== WHAT IS BEING ASKED ==
In the entries below, find the line containing "III Staph lococc s aureus", then copy it and every later line exactly, ending with the last line.

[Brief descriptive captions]
---------------

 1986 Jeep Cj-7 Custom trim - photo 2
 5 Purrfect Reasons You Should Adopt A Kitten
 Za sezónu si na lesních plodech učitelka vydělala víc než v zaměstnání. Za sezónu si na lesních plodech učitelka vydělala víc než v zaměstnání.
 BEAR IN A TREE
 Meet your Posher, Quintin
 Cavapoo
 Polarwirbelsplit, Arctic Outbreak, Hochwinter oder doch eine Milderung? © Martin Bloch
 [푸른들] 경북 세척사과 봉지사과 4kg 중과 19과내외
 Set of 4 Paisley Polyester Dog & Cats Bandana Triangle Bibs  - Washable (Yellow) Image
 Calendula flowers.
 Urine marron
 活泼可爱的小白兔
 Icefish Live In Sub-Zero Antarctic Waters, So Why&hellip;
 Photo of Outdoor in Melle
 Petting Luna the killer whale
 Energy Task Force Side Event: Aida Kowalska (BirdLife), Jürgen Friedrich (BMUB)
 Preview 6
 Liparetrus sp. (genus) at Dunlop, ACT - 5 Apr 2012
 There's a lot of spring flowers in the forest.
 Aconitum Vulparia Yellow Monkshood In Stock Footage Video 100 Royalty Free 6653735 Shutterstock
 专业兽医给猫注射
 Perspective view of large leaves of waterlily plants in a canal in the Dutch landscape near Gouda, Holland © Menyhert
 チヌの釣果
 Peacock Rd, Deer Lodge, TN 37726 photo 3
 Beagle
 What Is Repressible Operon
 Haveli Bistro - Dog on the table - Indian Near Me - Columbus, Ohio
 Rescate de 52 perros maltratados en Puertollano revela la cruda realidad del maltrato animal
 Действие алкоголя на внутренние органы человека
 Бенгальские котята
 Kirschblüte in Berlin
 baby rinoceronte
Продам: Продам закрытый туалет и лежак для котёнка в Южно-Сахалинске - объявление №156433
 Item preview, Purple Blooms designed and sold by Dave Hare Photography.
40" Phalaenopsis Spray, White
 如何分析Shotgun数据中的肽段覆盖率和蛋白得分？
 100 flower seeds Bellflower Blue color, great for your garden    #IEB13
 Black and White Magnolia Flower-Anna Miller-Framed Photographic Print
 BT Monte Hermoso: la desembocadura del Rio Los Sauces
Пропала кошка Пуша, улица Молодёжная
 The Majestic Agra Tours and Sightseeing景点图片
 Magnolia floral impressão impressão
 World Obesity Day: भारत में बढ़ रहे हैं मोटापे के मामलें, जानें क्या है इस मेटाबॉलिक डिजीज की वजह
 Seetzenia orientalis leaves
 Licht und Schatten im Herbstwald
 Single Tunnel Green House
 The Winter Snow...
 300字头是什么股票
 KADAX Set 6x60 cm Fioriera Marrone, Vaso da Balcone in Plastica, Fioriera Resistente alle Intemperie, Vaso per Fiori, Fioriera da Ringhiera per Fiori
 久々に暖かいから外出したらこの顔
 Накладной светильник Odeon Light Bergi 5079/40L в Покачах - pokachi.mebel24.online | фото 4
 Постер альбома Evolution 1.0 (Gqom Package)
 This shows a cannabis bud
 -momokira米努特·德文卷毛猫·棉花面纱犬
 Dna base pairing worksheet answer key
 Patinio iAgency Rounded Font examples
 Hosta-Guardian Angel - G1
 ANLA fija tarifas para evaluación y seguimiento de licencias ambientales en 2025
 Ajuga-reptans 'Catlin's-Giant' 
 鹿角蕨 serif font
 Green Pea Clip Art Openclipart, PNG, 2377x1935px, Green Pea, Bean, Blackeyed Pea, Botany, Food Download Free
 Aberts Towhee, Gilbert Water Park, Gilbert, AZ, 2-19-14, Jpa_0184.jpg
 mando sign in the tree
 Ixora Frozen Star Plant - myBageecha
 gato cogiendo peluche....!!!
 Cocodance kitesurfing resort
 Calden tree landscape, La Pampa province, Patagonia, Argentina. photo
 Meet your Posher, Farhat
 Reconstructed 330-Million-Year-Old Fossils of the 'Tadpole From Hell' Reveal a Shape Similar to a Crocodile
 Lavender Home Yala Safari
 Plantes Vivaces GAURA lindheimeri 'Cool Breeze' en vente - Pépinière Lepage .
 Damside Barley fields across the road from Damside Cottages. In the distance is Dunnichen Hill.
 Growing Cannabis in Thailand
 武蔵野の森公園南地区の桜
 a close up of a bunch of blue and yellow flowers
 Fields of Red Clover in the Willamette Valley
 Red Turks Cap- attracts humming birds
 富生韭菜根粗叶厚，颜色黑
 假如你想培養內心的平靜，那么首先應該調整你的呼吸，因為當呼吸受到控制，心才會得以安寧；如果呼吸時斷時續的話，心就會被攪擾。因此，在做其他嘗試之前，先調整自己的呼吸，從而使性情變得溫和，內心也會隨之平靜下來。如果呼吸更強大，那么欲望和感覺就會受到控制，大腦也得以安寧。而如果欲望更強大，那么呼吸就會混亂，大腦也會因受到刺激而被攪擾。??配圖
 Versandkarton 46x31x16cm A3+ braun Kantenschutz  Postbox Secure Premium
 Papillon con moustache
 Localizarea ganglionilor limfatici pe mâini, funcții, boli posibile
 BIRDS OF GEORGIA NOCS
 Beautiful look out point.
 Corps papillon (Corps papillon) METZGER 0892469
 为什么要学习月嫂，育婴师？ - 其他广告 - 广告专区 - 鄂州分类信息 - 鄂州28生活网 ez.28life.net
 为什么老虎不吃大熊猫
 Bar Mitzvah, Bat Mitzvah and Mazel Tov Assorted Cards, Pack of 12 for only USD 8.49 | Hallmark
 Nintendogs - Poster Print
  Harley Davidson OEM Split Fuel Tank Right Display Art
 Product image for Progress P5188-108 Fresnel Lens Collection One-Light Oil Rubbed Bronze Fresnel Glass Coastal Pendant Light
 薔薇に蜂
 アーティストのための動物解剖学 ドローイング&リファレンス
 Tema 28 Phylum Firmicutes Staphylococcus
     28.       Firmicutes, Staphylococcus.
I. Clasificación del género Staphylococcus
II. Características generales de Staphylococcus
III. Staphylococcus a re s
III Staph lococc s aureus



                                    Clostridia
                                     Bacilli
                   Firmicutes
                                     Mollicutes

---------------

== WRITTEN RESPONSE ==
III Staph lococc s aureus



                                    Clostridia
                                     Bacilli
                   Firmicutes
                                     Mollicutes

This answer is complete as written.